Vancouver sights

They say there are mountains around Vancouver.

I don’t believe it. 

There is only a solid gray science fiction like void of clouds.

I could be in Gary, Indiana, for all the mountains I see here.

Anyway… without mountains, I visited St. Peter and Paul parish where Fr. Horgan has made some fine stained glass windows, with great elements worked in.  They depict the beatitudes with saints and blesseds who exemplify those beatitudes.

I don’t remember the name of the Austrian sister who has killed by the Nazis because she took down their swastikas and nailed crucifixes to the walls of her clinic.  She has a stethoscope here, and a mug of beer.  She liked beer.

The pastor’s little cat is in one window.

In a window for the Nativity, Mr. and Mrs.
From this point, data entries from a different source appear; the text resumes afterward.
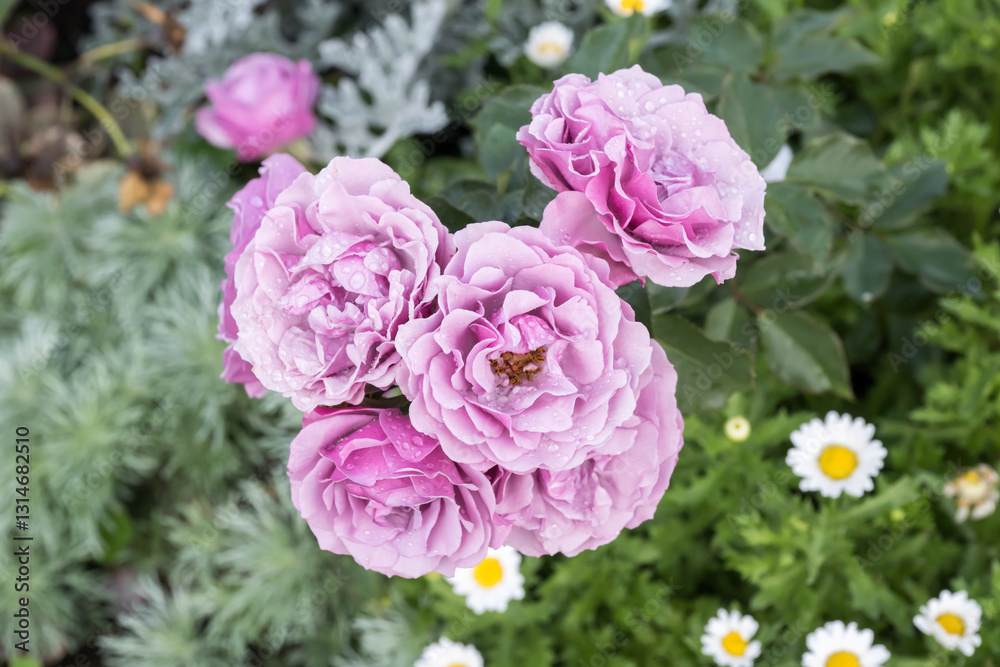 Beautiful roses in garden. Beautiful roses in garden.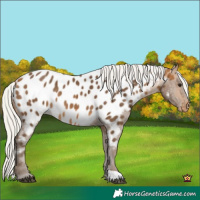 Horse Color:Silver Buckskin Appaloosa 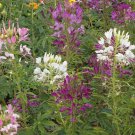 1500 Seeds Cleome Colorful Mix Wildflower Seeds - Hassleriana edlcy (1/8 oz Seeds) 1500 Seeds Cleome Colorful Mix Wildflower Seeds - Hassleriana edlcy (1/8 oz Seeds)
Shepherd have brought junior who brought the Christ Child his little rocking horse toy as a gift.  Sweet.

We visited rapidly the Holy Rosary Cathedral.

In your hours off in Vancouver you could stop in for some pot (medicinal, of course).

We also had the chance to visit a nice little Chinese scholars garden, built in the style of those in Suzhou.  Always visit Chinese gardens… especially the one in Portland.

About Fr. John Zuhlsdorf

Fr. Z is the guy who runs this blog. o{]:¬)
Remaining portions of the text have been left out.